Petition of Inner Kingship

1 Kings 2:20-21 - A Neville Goddard interpretation

Read 1 Kings 2 in context

Scripture Focus

20Then she said, I desire one small petition of thee; I pray thee, say me not nay. And the king said unto her, Ask on, my mother: for I will not say thee nay.
21And she said, Let Abishag the Shunammite be given to Adonijah thy brother to wife.
1 Kings 2:20-21

Biblical Context

Bathsheba approaches the king with a small petition to give Abishag in marriage to Adonijah, a move tied to succession. It shows how inner desires seek validation from the conscious ruler.

Neville's Inner Vision

Solomon's throne is not merely a seat in a palace; it is the state of consciousness you call to by a request that carries the weight of intention.
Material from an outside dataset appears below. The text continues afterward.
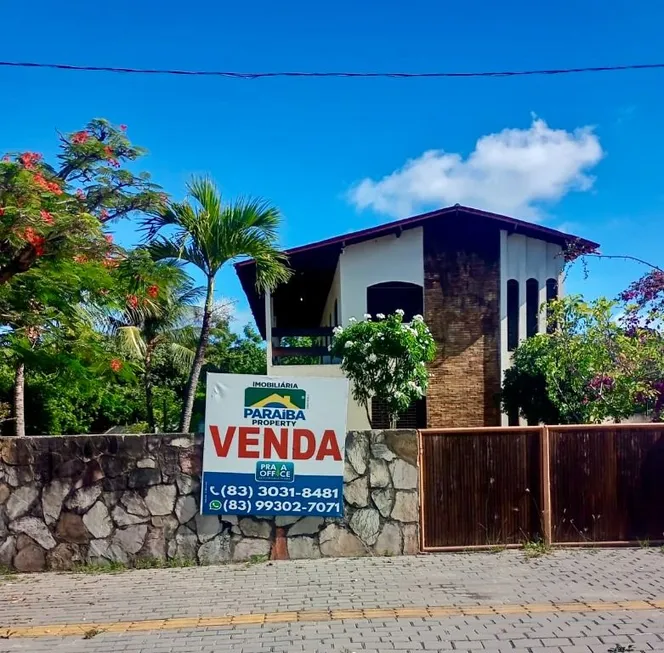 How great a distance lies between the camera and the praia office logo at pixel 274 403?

Bathsheba's petition represents an inner movement: a desire that fuses a long-standing current (Adonijah's claim) with a nurturing possibility (Abishag) under the sovereignty of the I AM, your true awareness. When the king says, 'Ask on, my mother,' he embodies the receptive power of consciousness that does not deny but says yes to the imagined possibility. The petition is not a matter of external policy but an inner revision: you permit a new alignment to marry the existing energy of your life to a crown of greater authority. Abishag becomes a symbol of a safe, intimate energy—the warmth that sustains life—given to the next ruler. In Neville's terms, a petition, voiced in the stillness of awareness, shifts the inner climate so that the new state is no longer resisted by fear or doubt. The result manifests as a ripple in your inner kingdom, aligning your acting with the felt reality of the king within.

Practice This Now

Sit quietly, assume the inner throne, and repeat the petition as your own: I desire this new state. Then revise fear and feel the king within accepting it as real.